Circumstellar and circumbinary discs in eccentric stellar binaries

We explore test particle orbits in the orbital plane of eccentric stellar binary systems, searching for 'invariant loops': closed curves that change shape periodically as a function of binary orbital phase as the test particles in them move under the gravity of the stars. Stable invariant loops play the same role in this periodically varying potential as stable periodic orbits do in stationary potentials; in particular, when dissipation is weak, gas will most likely follow the non-intersecting loops, while nearby particle orbits librate around them. We use this method to set bounds on the sizes of discs around the stars, and on the gap between those and the inner edge of a possible circumbinary disc.
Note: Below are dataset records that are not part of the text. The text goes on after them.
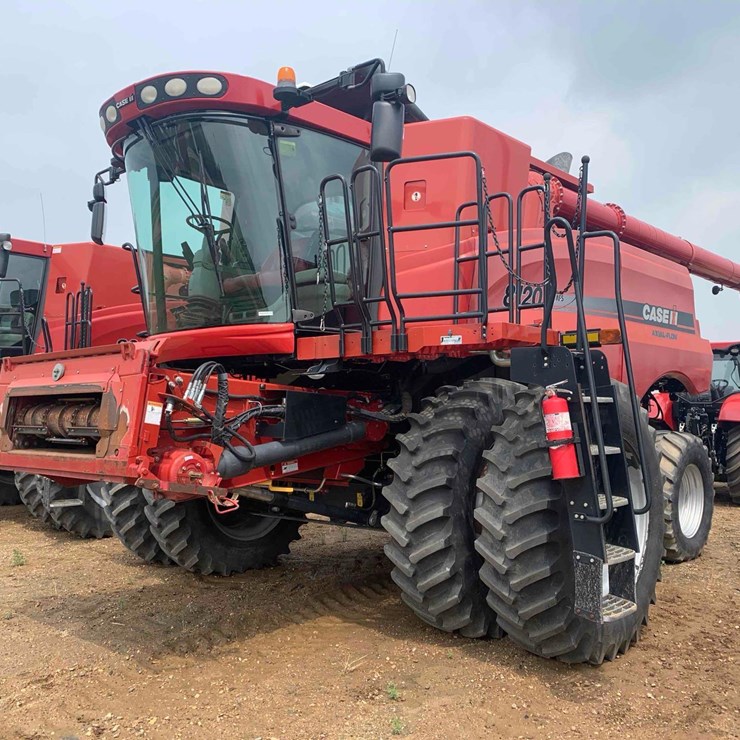 2009 CASE IH 8120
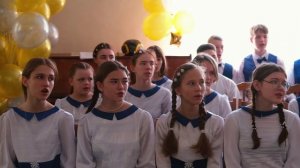 Умывает красно солнышко клип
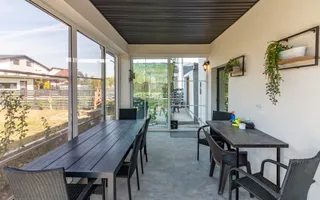 Casă individuală P+1, 2022 de vanzare | Teren 629 mp | Terasă | Garaj - Poză 24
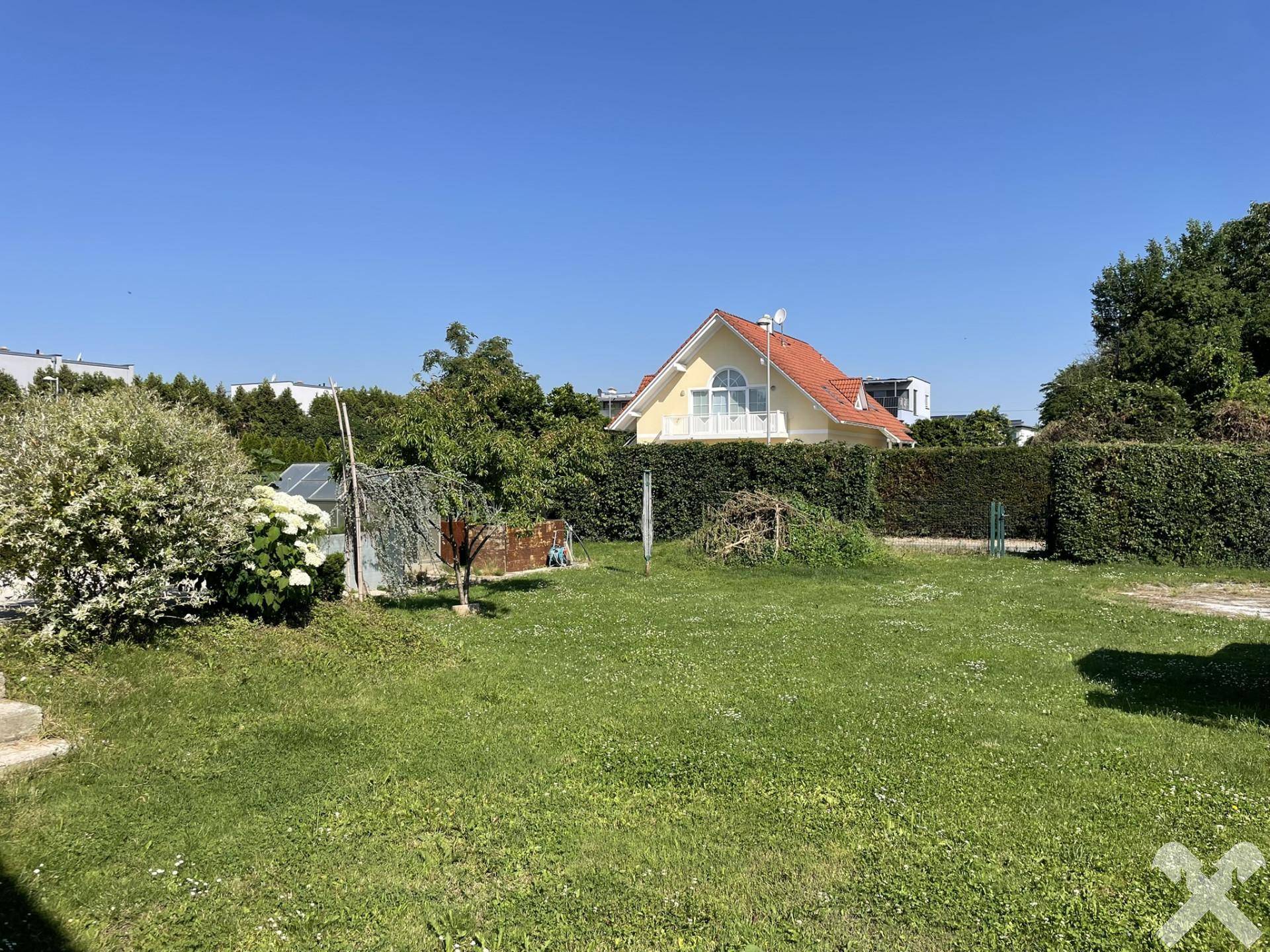 Vielseitiges Ein-/Zweifamilienhaus in sonniger Liebenauer Grünruhelage - Ansicht 4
Gas dynamics may impose further restrictions, but our study sets upper bounds for the size of circumstellar discs, and a lower bound for the inner radius of a circumbinary disc. We find that circumstellar discs are sharply reduced as the eccentricity of the binary grows. For the disc around the secondary star, the tidal (Jacobi) radius calculated for circular orbits at the periastron radius gives a good estimate of the maximum size. Discs change in size and shape only marginally with the binary phase, with no strong preference to increase or decrease at any particular phase. The circumstellar discs in particular can be quite asymmetric. We compare our results with other numerical and theoretical results and with observations of the alpha Centauri and L1551 systems, finding very good agreement. The calculated changes in the shapes and crowding of the circumstellar orbits can be used to predict how the disc luminosity and mass inflow should vary with binary phase.